# Bigfoot stuff, pretty cool!



## loudtubeamps (Feb 2, 2012)

I stumbled across this guy,he's good,very good.
Keep an open mind and watch a cross section of his video analysis.
Cheers, d.

http://www.youtube.com/user/ThinkerThunker/videos


----------



## bolero (Oct 11, 2006)

bigfoot scared the hell outta me when I was a kid...those leonard nemoy "in search of" shows scared me witless

when I lived out west, I used to go mtn biking for 3-5 hours, on my own, deep in the squamish river valley, pemberton, whistler/black tusk area, following a lot of old logging roads

found out afterwards that's where all the bigfoot sightings were in the '70's...almost had a heard attack


----------



## Short Circuit (Mar 25, 2007)

Me too lol and they always showed those after dark.
I remember watching the one show and when Bigfoot smashed his arm through the widow and tried to grab the girl on the couch (if I remember correctly) that sent me through the roof !!!!
The old Dracula movies with Bela Lugasi didn't scare me as much as that did !!!.

Mark


----------



## Milkman (Feb 2, 2006)

I'd be more worried about the tooth fairy. With modern dental methods so much better than in previous generations, they're going right into kids mouths to get the teeth.


Seriously? Big foot? 

I guess their bodies evaporate when they die?


----------



## grumpyoldman (Jan 31, 2010)

What I'm waiting to see is the irrefutable explanation for this:

http://www.dailymail.co.uk/news/art...nster-Apples-Maps-satellite-image-Nessie.html

Apparently the first attempt was to explain that it was the wake from a small boat. But to me (and possibly to anyone with an aquarium who might be familiar with a plecostomus) it sure looks like a rather LARGE version of one of these...

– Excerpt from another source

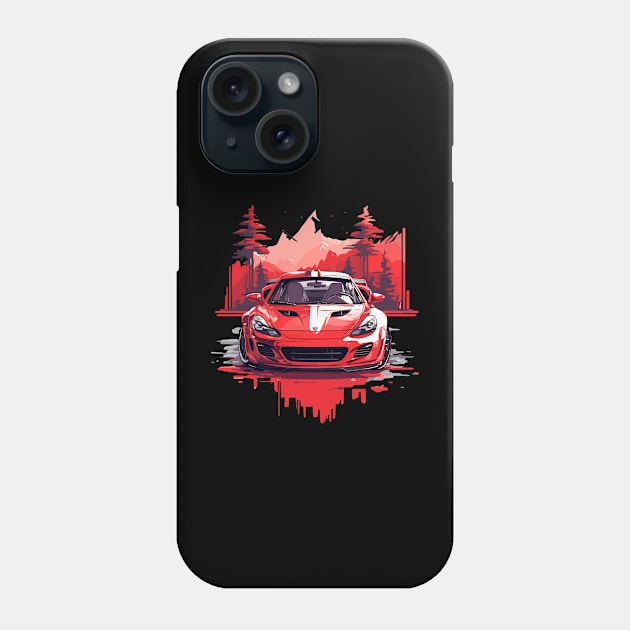 Car Classic Design Art Phone Case by Alvesricard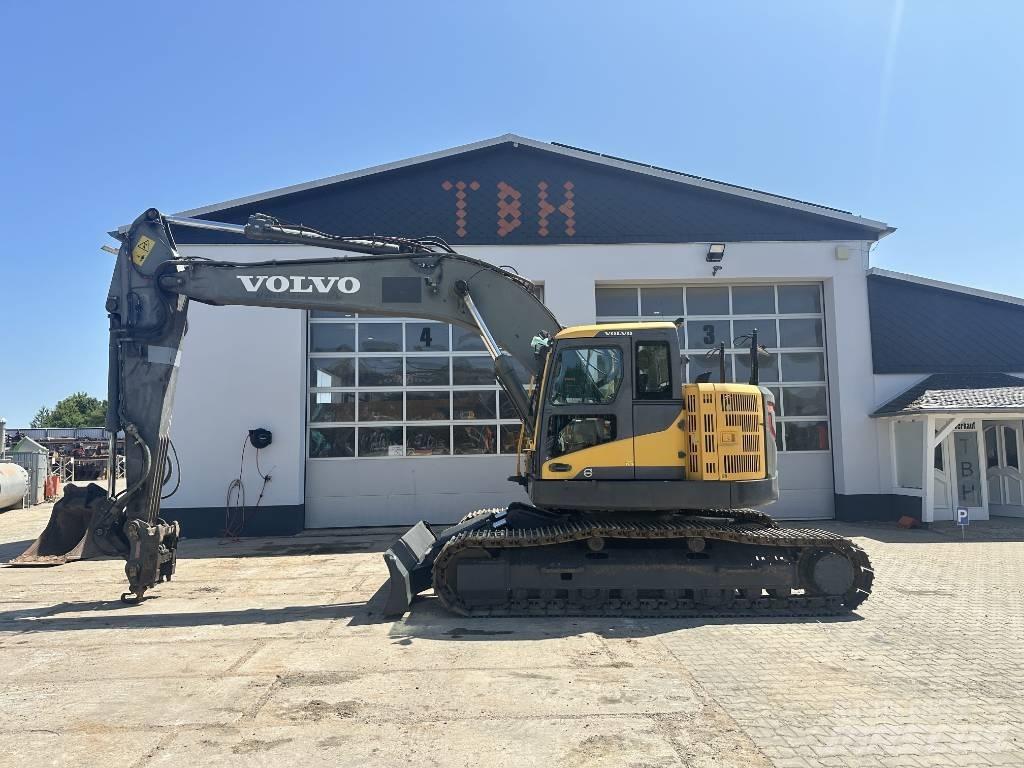 Volvo ECR 235 D 履帶式 挖土機/掘鑿機/挖掘機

http://withfriendship.com/user/neeha/plecostomus.php

Nessie may end up not being a plesiosaur after all, but at least it (she? he?) may belong in a family filed under "P"...

John
thegrumpyoldman


----------



## 5732 (Jul 30, 2009)

Milkman:556598 said:


> I'd be more worried about the tooth fairy. With modern dental methods so much better than in previous generations, they're going right into kids mouths to get the teeth.
> 
> 
> Seriously? Big foot?
> ...


Absence of evidence is not evidence of absence. ..yada yada...all I know is that a hell of a lot of effort was spent looking for a downed plane in the indian ocean during the last month to no avail.


----------



## Steadfastly (Nov 14, 2008)

Not this bigfoot craze again. If there was such a thing, it would have been found long ago.


----------



## Diablo (Dec 20, 2007)

Milkman said:


> I'd be more worried about the tooth fairy. With modern dental methods so much better than in previous generations, they're going right into kids mouths to get the teeth.
> 
> 
> Seriously? Big foot?
> ...


No, the aliens take them back to their planet to study them.

- - - Updated - - -



mud_guy said:


> Absence of evidence is not evidence of absence. ..yada yada...all I know is that a hell of a lot of effort was spent looking for a downed plane in the indian ocean during the last month to no avail.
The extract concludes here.